The motor will be removed in March this year for refurbishment associated with an unrelated condition (we have drawn oil from the upper bearing through the motor, and we want to steam-clean and bake the stator and of course wipe down the standpipe to stop further leakage).

It will be a very quick turnaround in the repair shop. The motor has to be shipped (locally), refurbished and back on-site in a week.

I’d like to take the opportunity to further evaluate the rotor condition which may serve as the basis to decide if we need further long-term actions (we won’t have time for any major repairs during this refurbishment) , but I’m also mindful not to create a huge scope of unnecessary testing that will slow the project down without giving a lot of meaningful information.

For sure I will ask for a rotor visual inspection and T.I.R and to record whether this is fabricated copper or cast aluminum rotor (I’m pretty sure it’s fab copper).

What other tests would you recommend?
Single phase test before motor disassembly?
Growler test?
NDT tests (dye penetrant, mag particle,UT)?
Rotor core loop test with infrared? Green paper?
Rotor current test (current injected through endrings) with infrared?
Other?

This message has been edited. Last edited by: electricpete,

LPHD21.ppt (87 Kb, 54 downloads)

No responses? I guess I made the question too difficult with too much irrelevant background information.
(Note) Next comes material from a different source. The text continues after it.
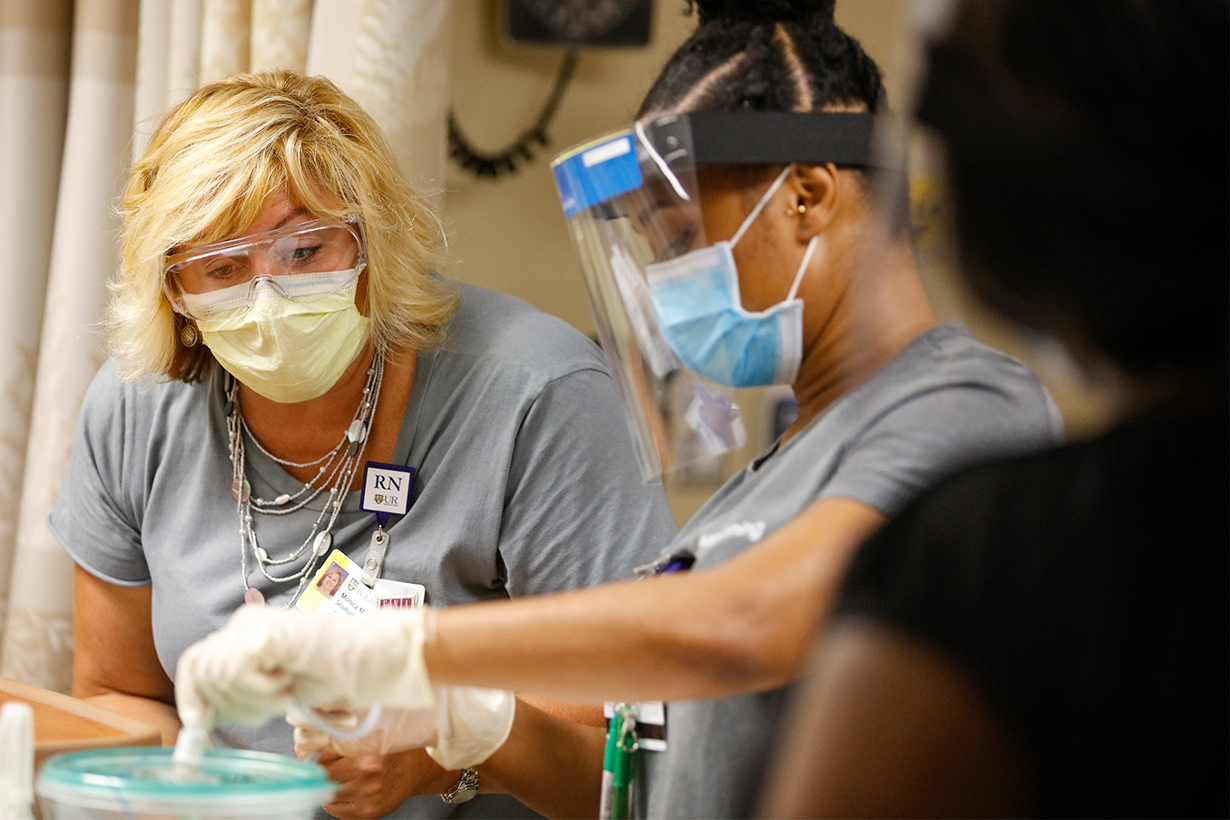 Christine Arnold, program director at the Center for Obstetrics and Gynecology Simulation (COGS) at the University of Rochester Medical Center, briefs nurses, attending physicians and residents before a simulator event.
Let's forget about having a short availability of the motor.

The question is: what would be a reasonable shop tests to evaluate the condition of a rotor which tests marginal (45db) during on-line tests?

I'm thinking:
Single-phase test
rotor core loop test with infrared
visual inspect.


Does that sound like a good plan or would you add any other tests? Thanks.

I have often detected the defective bars using a growler as well as by current injection + infrared. However, sometimes a growler shows more than half the bars to be defective, so cannot always rely on it.

What is the point of the single-phase test, as the issue is to identify the defect location, isn't it?

With atleast two cases (these were 735 KW motors), all of the above & ultrasonic & dye penetrant did not indicate any flaw. We then had the repair shop de-braze the bars from the short-circuiting rings. It was then seen that many bars had just been inserted in the rings with some superfluous brazing on the outside. However, there was no material contact inside and the bars were effectively open.

Baker has a version of a surge tester (RT-1)that is designed for rotor bar testing. I found it too expensive to buy but some repair shops might have it over there.

Regards,

Aditya


P. S. What is a green paper test?

Thanks for your response.

You're right. The single phase test probably is not logical in this situation considering the motor would be disassembled anyway. Better to take advantage and get what data we can while disassembled.

So then I have
rotor core loop test with infrared
visual inspect

Maybe I should add growler? Any other comments? (if not I guess I'll ask the shop for their recommendations/preferences)

Baker off-line rotor bar tester... I have never heard of that. I don't see it here:
http://www.bakerinst.com/BakerWeb/Products/Products_Offline_Online.html


Green paper is flux paper. You can put it over portions of the core during the loop test (if not too hot) to show the flux pattern. Like this:
http://www.kjmagnetics.com/products.asp?cat=154

You can see the Baker instrument at http://www.baker-instrument.de/rotore.htm.

Reliance Motors, USA has a standard practice of injecting DC current between the two short-circuiting rings & viewng with an IR camera, better than a rotor flux loop.

Does this green paper work? They are mentioning it for permanent magnets only.

Regards,

Aditya

Thanks for the info on the Baker tester. Looks interesting.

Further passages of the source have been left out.